* _What you are asked to do_
Reproduce exactly, and only, the lines below from the one containing "White Black lenceria" through the one containing "Wandtuch mit Sternzeichen in schwarz grün".
※
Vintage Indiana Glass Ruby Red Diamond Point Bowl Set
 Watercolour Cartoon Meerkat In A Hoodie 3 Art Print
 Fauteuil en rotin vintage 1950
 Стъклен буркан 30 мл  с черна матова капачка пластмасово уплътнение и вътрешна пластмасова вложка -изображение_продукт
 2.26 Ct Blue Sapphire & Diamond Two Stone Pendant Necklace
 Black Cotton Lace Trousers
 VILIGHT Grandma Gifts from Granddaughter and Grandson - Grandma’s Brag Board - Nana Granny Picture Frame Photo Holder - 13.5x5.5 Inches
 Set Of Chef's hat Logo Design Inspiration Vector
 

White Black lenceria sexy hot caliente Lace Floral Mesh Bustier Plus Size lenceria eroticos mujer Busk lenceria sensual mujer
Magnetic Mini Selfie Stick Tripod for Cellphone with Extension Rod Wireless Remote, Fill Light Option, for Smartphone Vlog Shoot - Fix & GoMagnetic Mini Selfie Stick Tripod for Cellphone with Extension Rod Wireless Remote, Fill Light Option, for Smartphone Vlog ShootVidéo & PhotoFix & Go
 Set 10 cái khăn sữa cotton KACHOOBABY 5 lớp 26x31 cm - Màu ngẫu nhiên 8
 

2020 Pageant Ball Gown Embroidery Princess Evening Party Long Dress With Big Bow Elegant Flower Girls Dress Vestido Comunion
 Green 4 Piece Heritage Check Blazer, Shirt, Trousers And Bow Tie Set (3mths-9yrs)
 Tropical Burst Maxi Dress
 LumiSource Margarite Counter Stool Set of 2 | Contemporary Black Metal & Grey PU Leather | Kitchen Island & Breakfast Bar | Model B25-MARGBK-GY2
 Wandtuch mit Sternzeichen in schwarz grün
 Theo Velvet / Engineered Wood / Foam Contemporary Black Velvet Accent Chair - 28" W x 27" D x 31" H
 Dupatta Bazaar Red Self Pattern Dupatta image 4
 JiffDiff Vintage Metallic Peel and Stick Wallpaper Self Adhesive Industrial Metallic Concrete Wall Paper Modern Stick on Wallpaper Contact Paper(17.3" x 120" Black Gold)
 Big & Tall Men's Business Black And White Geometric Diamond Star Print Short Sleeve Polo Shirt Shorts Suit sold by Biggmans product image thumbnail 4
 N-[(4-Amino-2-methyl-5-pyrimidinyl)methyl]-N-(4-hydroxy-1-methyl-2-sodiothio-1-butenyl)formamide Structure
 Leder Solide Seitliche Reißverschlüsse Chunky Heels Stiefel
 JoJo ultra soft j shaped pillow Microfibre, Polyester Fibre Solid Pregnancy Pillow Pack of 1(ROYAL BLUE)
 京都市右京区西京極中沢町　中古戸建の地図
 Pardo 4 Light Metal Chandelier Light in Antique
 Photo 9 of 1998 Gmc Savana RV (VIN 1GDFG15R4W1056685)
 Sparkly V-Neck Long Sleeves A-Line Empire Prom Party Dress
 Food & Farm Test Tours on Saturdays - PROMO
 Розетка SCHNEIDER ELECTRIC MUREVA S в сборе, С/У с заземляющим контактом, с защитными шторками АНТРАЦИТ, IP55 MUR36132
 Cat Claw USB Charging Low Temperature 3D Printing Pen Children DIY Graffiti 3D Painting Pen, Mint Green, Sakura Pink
※
* _Reply_
White Black lenceria sexy hot caliente Lace Floral Mesh Bustier Plus Size lenceria eroticos mujer Busk lenceria sensual mujer
Magnetic Mini Selfie Stick Tripod for Cellphone with Extension Rod Wireless Remote, Fill Light Option, for Smartphone Vlog Shoot - Fix & GoMagnetic Mini Selfie Stick Tripod for Cellphone with Extension Rod Wireless Remote, Fill Light Option, for Smartphone Vlog ShootVidéo & PhotoFix & Go
 Set 10 cái khăn sữa cotton KACHOOBABY 5 lớp 26x31 cm - Màu ngẫu nhiên 8
 

2020 Pageant Ball Gown Embroidery Princess Evening Party Long Dress With Big Bow Elegant Flower Girls Dress Vestido Comunion
 Green 4 Piece Heritage Check Blazer, Shirt, Trousers And Bow Tie Set (3mths-9yrs)
 Tropical Burst Maxi Dress
 LumiSource Margarite Counter Stool Set of 2 | Contemporary Black Metal & Grey PU Leather | Kitchen Island & Breakfast Bar | Model B25-MARGBK-GY2
 Wandtuch mit Sternzeichen in schwarz grün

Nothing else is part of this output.